---------- RECORD EXTRACTS ----------

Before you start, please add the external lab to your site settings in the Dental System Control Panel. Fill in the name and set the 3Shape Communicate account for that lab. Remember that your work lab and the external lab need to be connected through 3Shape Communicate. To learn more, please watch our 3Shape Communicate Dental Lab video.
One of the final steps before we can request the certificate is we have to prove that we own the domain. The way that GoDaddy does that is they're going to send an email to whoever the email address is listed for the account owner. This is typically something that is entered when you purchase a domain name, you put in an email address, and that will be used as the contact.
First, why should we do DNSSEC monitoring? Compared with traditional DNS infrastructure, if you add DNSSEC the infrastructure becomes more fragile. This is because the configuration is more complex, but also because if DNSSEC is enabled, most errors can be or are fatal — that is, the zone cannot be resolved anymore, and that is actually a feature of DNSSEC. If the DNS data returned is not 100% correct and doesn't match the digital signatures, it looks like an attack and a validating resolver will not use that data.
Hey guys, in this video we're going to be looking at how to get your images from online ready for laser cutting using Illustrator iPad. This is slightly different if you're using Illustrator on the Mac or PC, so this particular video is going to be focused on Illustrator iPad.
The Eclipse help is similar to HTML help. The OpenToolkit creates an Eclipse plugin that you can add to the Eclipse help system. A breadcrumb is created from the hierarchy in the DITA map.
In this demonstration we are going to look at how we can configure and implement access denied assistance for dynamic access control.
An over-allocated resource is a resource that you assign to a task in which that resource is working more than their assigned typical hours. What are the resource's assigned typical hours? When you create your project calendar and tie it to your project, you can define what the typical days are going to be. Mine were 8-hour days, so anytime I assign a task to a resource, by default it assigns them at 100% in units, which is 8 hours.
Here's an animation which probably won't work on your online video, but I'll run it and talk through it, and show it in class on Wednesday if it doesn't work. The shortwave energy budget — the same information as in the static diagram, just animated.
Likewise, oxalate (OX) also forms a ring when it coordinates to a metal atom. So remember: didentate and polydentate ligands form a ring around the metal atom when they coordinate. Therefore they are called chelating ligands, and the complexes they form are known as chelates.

----------
---------- RECORD EXTRACTS ----------

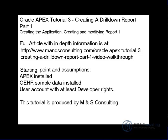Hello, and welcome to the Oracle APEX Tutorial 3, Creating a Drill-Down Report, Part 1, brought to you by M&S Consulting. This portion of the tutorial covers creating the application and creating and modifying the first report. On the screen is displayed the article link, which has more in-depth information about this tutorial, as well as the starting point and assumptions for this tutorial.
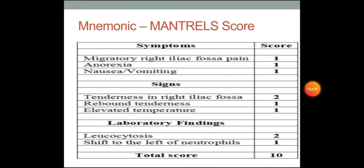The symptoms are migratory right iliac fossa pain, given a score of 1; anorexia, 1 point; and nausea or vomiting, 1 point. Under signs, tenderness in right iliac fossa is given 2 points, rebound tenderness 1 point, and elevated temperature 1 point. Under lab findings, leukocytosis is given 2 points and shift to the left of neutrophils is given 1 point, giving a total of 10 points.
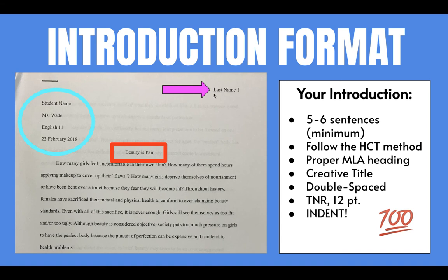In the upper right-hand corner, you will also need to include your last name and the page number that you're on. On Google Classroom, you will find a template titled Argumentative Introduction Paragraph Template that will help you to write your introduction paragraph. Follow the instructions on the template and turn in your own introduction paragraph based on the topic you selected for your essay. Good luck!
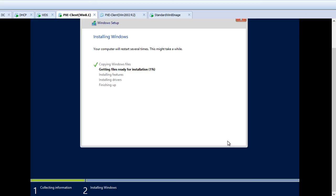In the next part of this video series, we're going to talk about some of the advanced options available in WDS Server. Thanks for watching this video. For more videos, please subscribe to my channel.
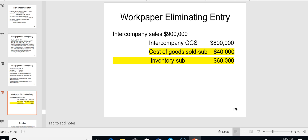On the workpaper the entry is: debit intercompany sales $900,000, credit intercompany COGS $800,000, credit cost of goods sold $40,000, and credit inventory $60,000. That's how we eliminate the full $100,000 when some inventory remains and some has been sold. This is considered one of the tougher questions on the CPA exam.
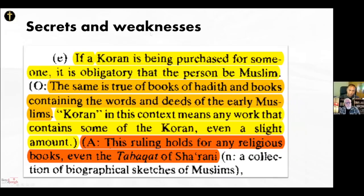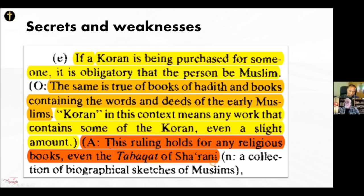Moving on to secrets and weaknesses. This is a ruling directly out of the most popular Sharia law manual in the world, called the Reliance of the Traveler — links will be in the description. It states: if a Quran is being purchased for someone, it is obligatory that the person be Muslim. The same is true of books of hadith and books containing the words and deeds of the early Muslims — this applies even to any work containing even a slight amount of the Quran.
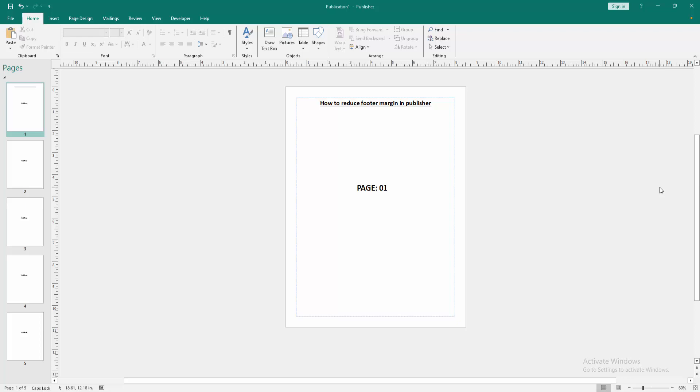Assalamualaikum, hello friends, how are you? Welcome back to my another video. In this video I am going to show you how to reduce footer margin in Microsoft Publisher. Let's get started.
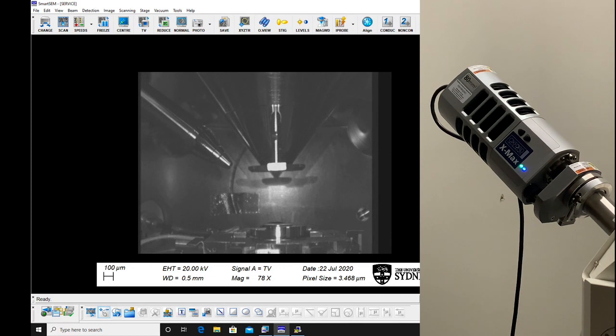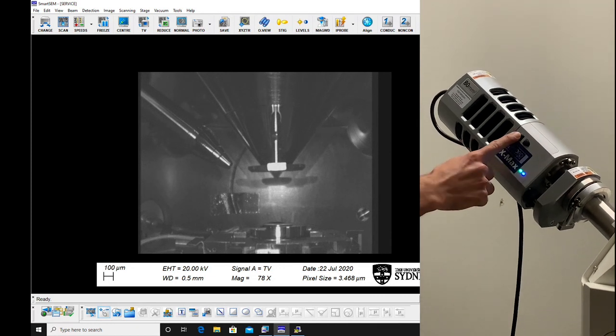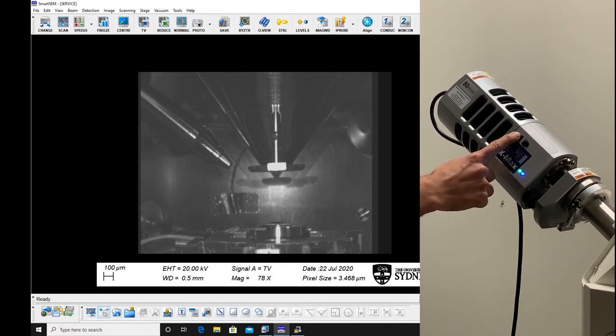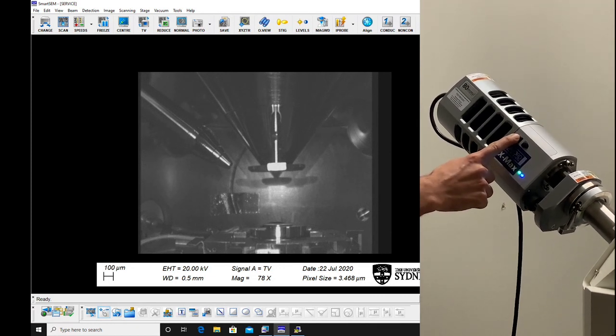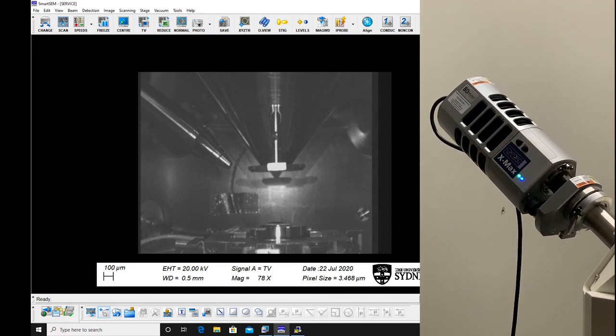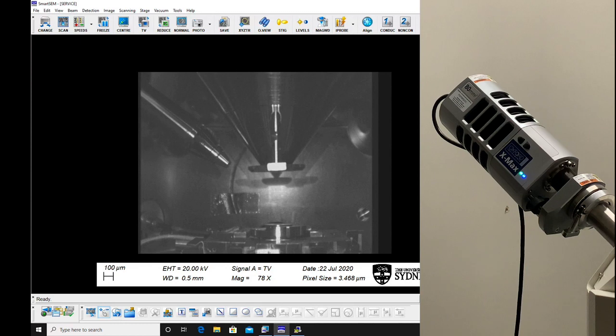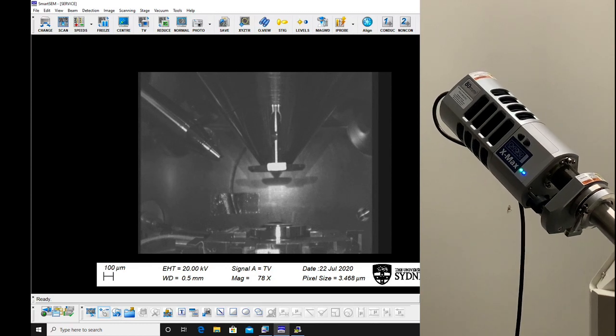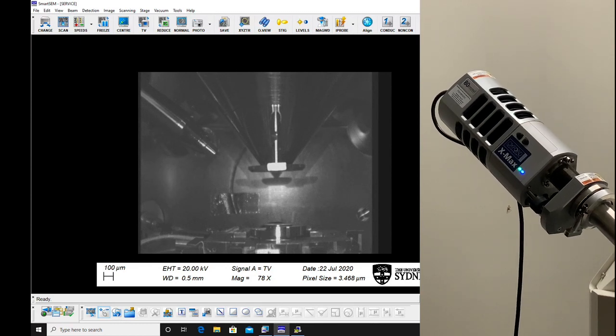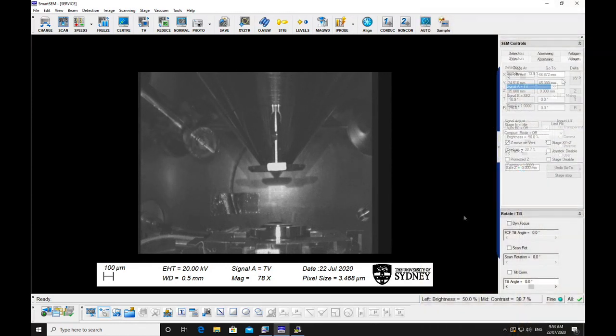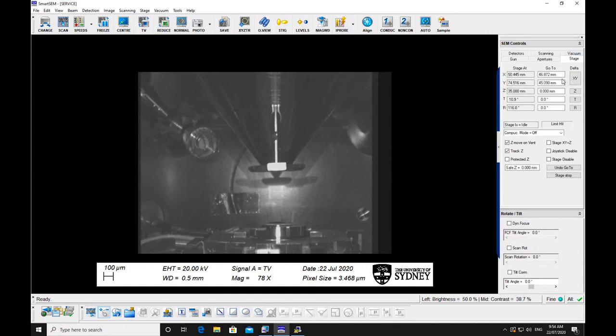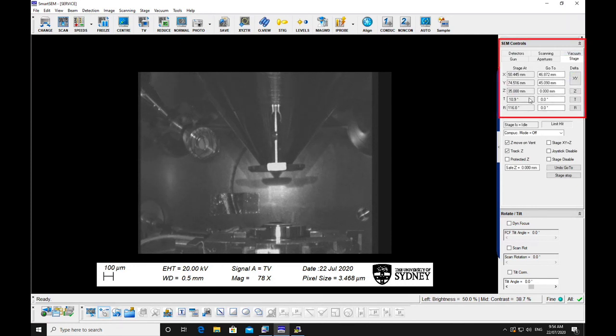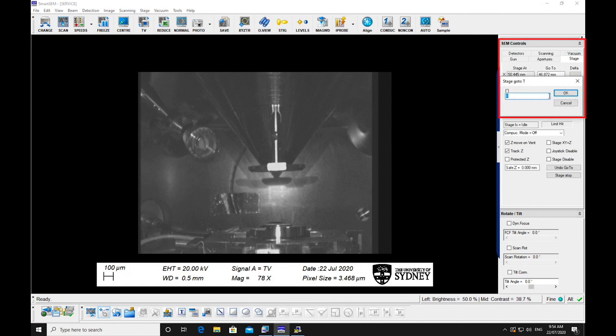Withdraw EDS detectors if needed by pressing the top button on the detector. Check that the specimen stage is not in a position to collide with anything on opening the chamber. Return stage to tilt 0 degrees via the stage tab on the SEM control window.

----------

WHAT YOU NEED TO DO: Copy exactly the lines of the entries above from the one containing "In the upper" through the one containing "Assalamualaikum, hello friends, how". Both end lines count; pictures do not.

EXERCISE RESULT:
In the upper right-hand corner, you will also need to include your last name and the page number that you're on. On Google Classroom, you will find a template titled Argumentative Introduction Paragraph Template that will help you to write your introduction paragraph. Follow the instructions on the template and turn in your own introduction paragraph based on the topic you selected for your essay. Good luck!
In the next part of this video series, we're going to talk about some of the advanced options available in WDS Server. Thanks for watching this video. For more videos, please subscribe to my channel.
On the workpaper the entry is: debit intercompany sales $900,000, credit intercompany COGS $800,000, credit cost of goods sold $40,000, and credit inventory $60,000. That's how we eliminate the full $100,000 when some inventory remains and some has been sold. This is considered one of the tougher questions on the CPA exam.
Moving on to secrets and weaknesses. This is a ruling directly out of the most popular Sharia law manual in the world, called the Reliance of the Traveler — links will be in the description. It states: if a Quran is being purchased for someone, it is obligatory that the person be Muslim. The same is true of books of hadith and books containing the words and deeds of the early Muslims — this applies even to any work containing even a slight amount of the Quran.
Assalamualaikum, hello friends, how are you? Welcome back to my another video. In this video I am going to show you how to reduce footer margin in Microsoft Publisher. Let's get started.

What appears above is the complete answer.